SalvadorL’état d’urgence instauré après une vague d’homicides
En 24 heures, le petit pays d’Amérique centrale déplore 62 meurtres. Pour endiguer le fléau, l’état d’urgence a été instauré cette nuit par le parlement.
Le Parlement du Salvador, à la demande du président Nayib Bukele, a approuvé dimanche l’instauration de l’état d’urgence pour un mois dans ce petit pays d’Amérique centrale afin de lutter contre la violence des gangs criminels, accusés d’avoir commis 62 meurtres en 24 heures.
Le décret, approuvé par une large majorité du Parlement, dispose «qu’un régime d’urgence est déclaré sur l’ensemble du territoire national en raison de graves troubles à l'ordre public par des groupes criminels».
Il restreint la liberté de réunion, l’inviolabilité de la correspondance et des communications, le droit à voir un avocat en détention et autorise les arrestations sans mandat. Nayib Bukele a également décrété «l’alerte maximale» dans toutes les prisons.
«Toutes les cellules seront fermées 24H sur 24H et 7 jours sur 7, personne n’est autorisé à en sortir», a tweeté le président. «C’est un message adressé aux gangs: à cause de vos agissements, vos gars ne verront pas un rayon de soleil».
Cet état d’urgence «permettra à notre gouvernement de protéger la vie des Salvadoriens et de faire face à la criminalité», a assuré le président de l’Assemblée législative Ernesto Castro, sur Twitter.
Le président Bukele a précisé que pour «la vaste majorité des gens, la vie continuera comme avant (...) à moins que vous ne soyez membre d’un gang ou soyez considéré comme suspect par les autorités».Munis de fusils d’assaut et équipés de gilets pare-balles, des policiers et des militaires patrouillent les rues tout en procédant à des arrestations.
Selon le bilan officiel, le département central de La Libertad a enregistré depuis vendredi douze homicides, suivi par la capitale San Salvador et par le département d’Ahuachapan (ouest), avec neuf meurtres chacun. Le reste est réparti dans les onze autres départements du pays. La police et l’armée du Salvador ont lancé samedi une opération contre la Mara Salvatrucha, un des plus dangereux gangs du pays.
Plusieurs chefs du gang ont été arrêtés et sont accusés d’être «responsables des homicides recensés ces dernières heures», a indiqué la police.
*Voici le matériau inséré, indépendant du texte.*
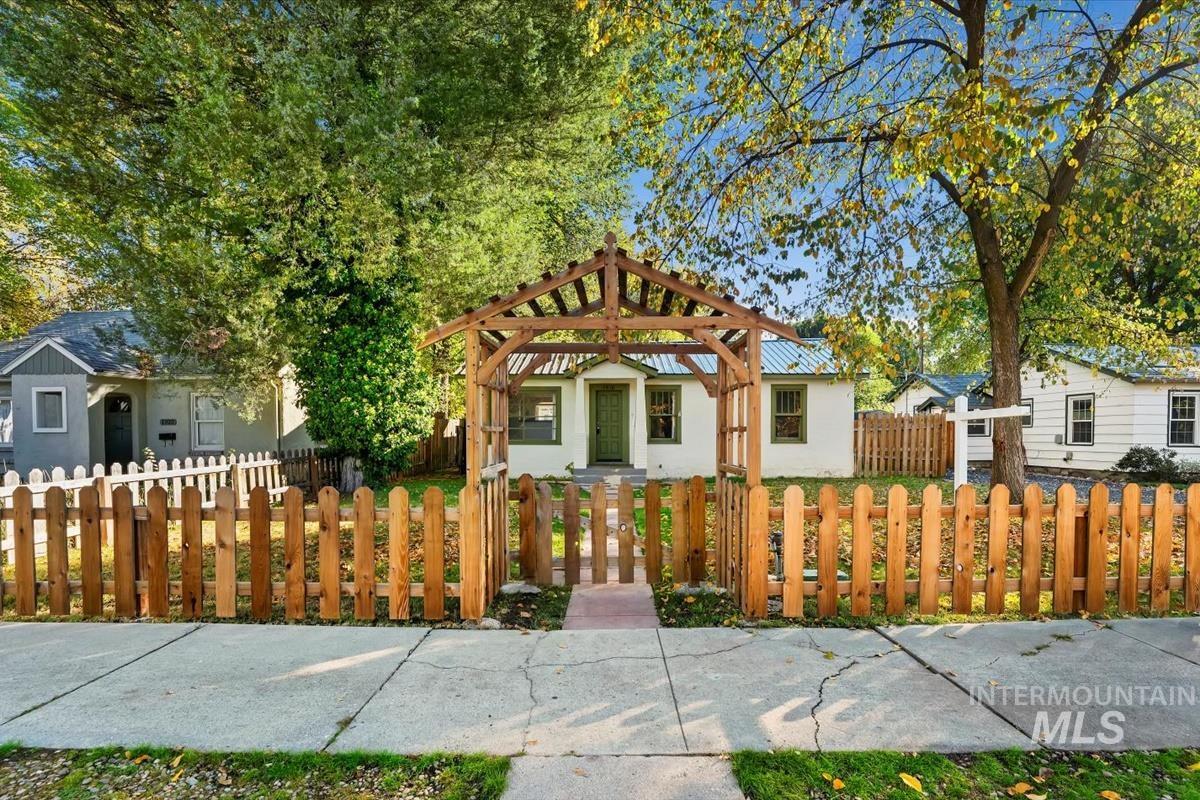 View of front of house with a gate, stucco siding, and a fenced front yard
Les autorités ont précisé dimanche soir que «plus de 600 membres de gangs» ont été arrêtés.
«Rebond des homicides»
Selon la Constitution salvadorienne, l’état d’urgence peut être mis en place «en cas de guerre, d’invasion du territoire, de rébellion, de sédition, de catastrophe, d’épidémie ou d’autre calamité générale, ou de graves perturbations de l’ordre public». Le chef de l’Etat a demandé au bureau du procureur de traiter avec la même «efficacité» tous les cas de membres de gangs, prévenant qu’il garderait un oeil sur «les juges qui favorisent les criminels».
«Nous ne reculerons pas dans cette guerre contre les gangs, nous ne nous reposerons pas tant que les criminels responsables de ces actes ne seront pas capturés et traduits en justice», a tweeté la police. La Mara Salvatrucha, Barrio 18 et d’autres gangs vivant principalement du trafic de drogue et de l’extorsion comptent environ 70’000 membres au Salvador, dont plus de 17’000 sont incarcérés, selon les autorités.
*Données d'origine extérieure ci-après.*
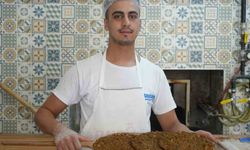 Kavurucu sıcaklarda ocak başında 800 lahmacun pişiriyor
L’ONG Human Rights Watch suit «avec inquiétude la grave augmentation des homicides» au Salvador, a fait savoir Juan Pappier, chercheur au sein de la division Amériques de l’organisation. «Il est urgent que le gouvernement protège la population avec des mesures durables qui respectent les droits de l’homme. La politique de sécurité doit toujours s’inscrire dans le cadre de l’Etat de droit», a-t-il ajouté.
Le président salvadorien, âgé de 40 ans et au pouvoir depuis 2019, bénéficie d’une forte popularité due notamment à ses promesses de lutter contre le crime organisé. Mais ses penchants autoritaires lui valent des critiques véhémentes de ses opposants et de la communauté internationale.
Le Salvador a recensé 1140 homicides en 2021 -soit 18 pour 100’000 habitants-, le chiffre le plus bas depuis la fin de la guerre civile en 1992.